Enfim, sob o signo da pandemia o consumo de mídia aumentou, mas essa expansão expressou-se de modo marcante na televisão e bem menos nos meios digitais e canais de mensagem. Essa brusca mudança no consumo de mídia obviamente nasce com a dimensão trágica da pandemia. Sugere a busca por informação segura e “quente”, pois a questão é de vida ou morte. E as pessoas se reaproximam da grande mídia tradicional (broadcasting), até porque nelas também estão as fontes mais consagradas de jornalismo. Sem contar o princípio básico de que o produtor da informação jornalística é também o seu emissor.
Mas isso não esgota a questão. A informação do jornalismo, também corre o mundo pelas mídias sociais e até com mais conveniência de consumo para as pessoas. Só que nessa viagem digital a produção jornalística reverbera e em geral recebe juízos de valor ou filtros que, por vezes, dão outra dimensão aos fatos. Nessa perspectiva, a mudança na preferência de mídia dos portugueses parece ter a ver também com credibilidade. Para o executivo José Antonio Silva, da On Global Strategy, “o que sobressai é o grau de confiabilidade na informação, que ainda é maior para os meios tradicionais. Devido aos desafios extremos da pandemia, a questão não é ser mais eficiente, mas sim mais confiável e com reais serviços de informação”.

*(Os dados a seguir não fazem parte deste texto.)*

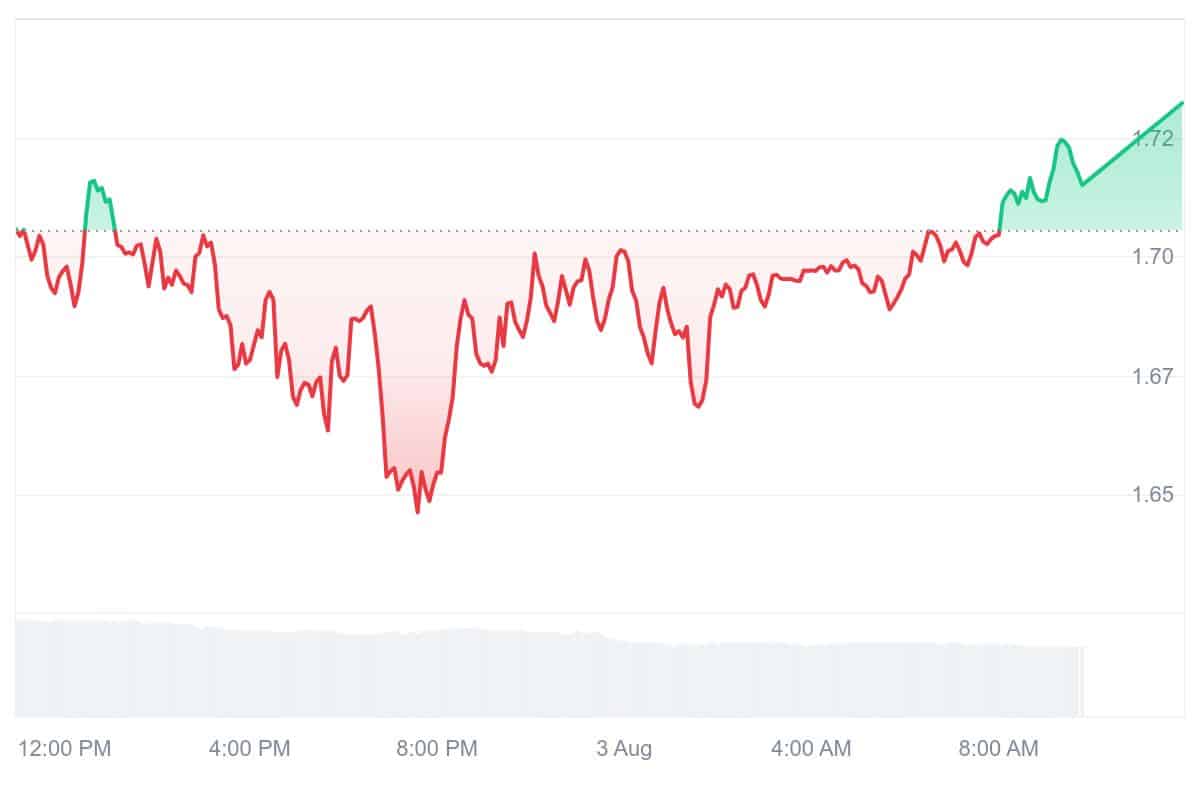 ZRO Price Chart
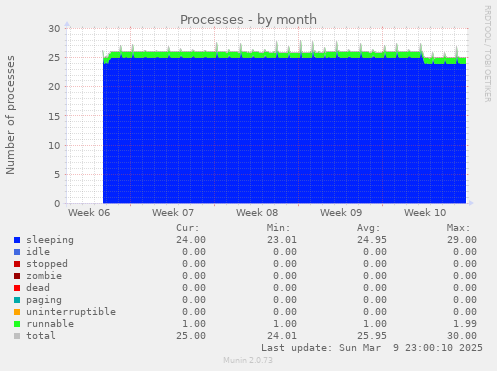 Processes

Em comunicação, um dos pilares é o peso da reputação dos meios sobre a percepção das informações emitidas. A credibilidade do emissor influi na percepção da informação recebida. Com a hegemonia da saúde nas decisões de escolha alimentar, fato que tende a se acentuar após a pandemia, a comunicação do agro com os mercados e a sociedade será pautada cada vez mais pela ciência. E a confiança – seja de procedência, seja também dos meios, sim – será fator estratégico para melhor assimilação e fixação das mensagens do agro, nesse mundo de guerra de narrativas em que vivemos.

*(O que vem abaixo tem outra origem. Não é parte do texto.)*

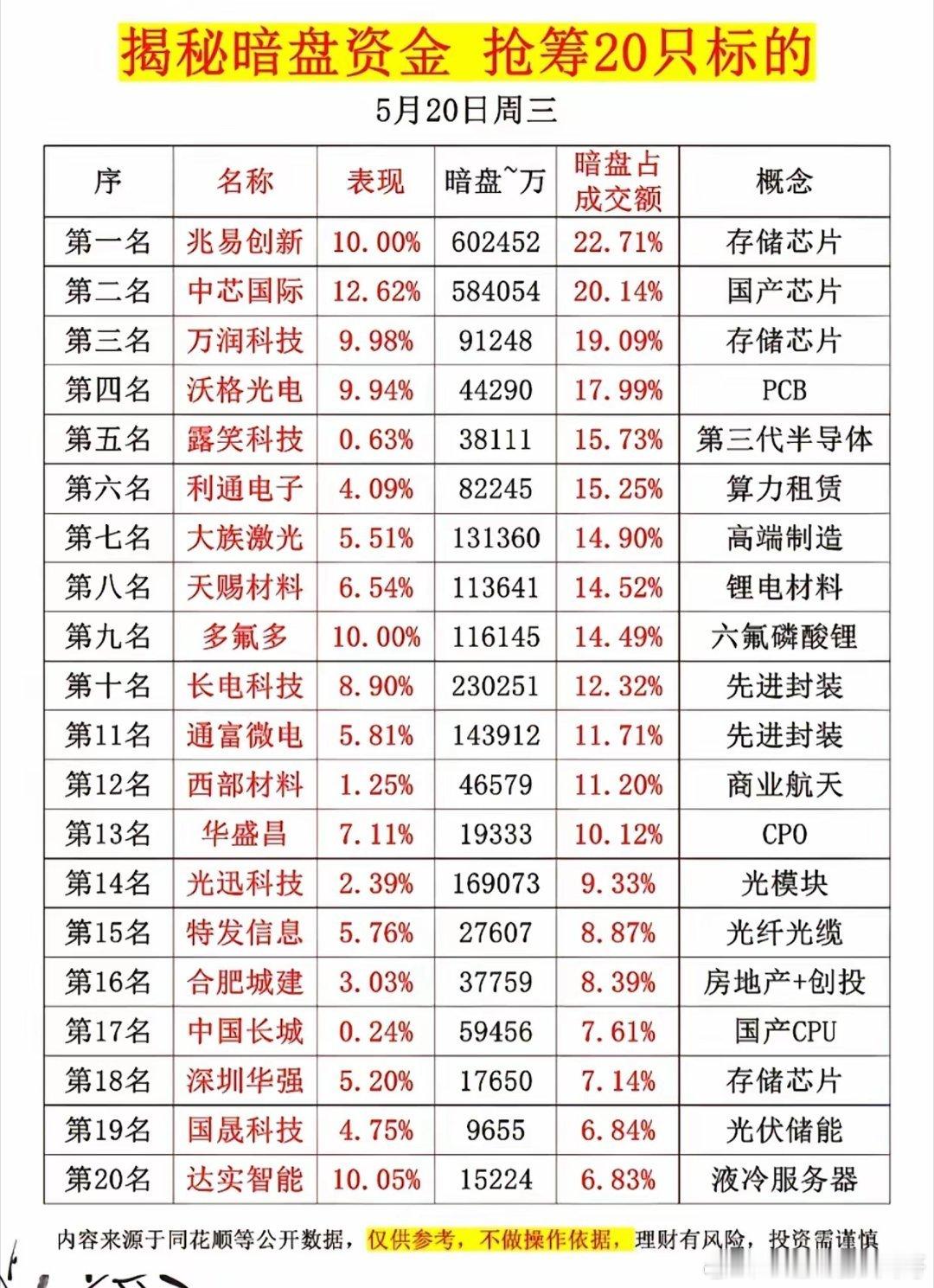 炸锅！5.20暗盘抢筹榜出炉，20只标的被疯抢，半导体主线要爆？你在盘口看到的资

Esse estudo feito em Portugal cobriu 40 mil pessoas online e 10 mil por telefone. E traz pistas interessantes para reflexões sobre a credibilidade (consciente e inconsciente) dos meios de informação no mundo de hoje. Não tenho notícias de investigação semelhante feita no Brasil, exatamente junto com a aterrissagem da Covid-19 por aqui, para se ter um paralelo em nossa realidade. Mas a globalização uniformizou hábitos de mídia pelo mundo afora, o que torna o retrato obtido em solo português, e até certo ponto extensível à vizinhança europeia, um ponto de partida pelo menos interessante. Para o marketing estratégico dos alimentos e do agronegócio, e para o diálogo de suas cadeias produtivas com a sociedade, esse vai ser um tema relevante de eficiência, daqui para frente.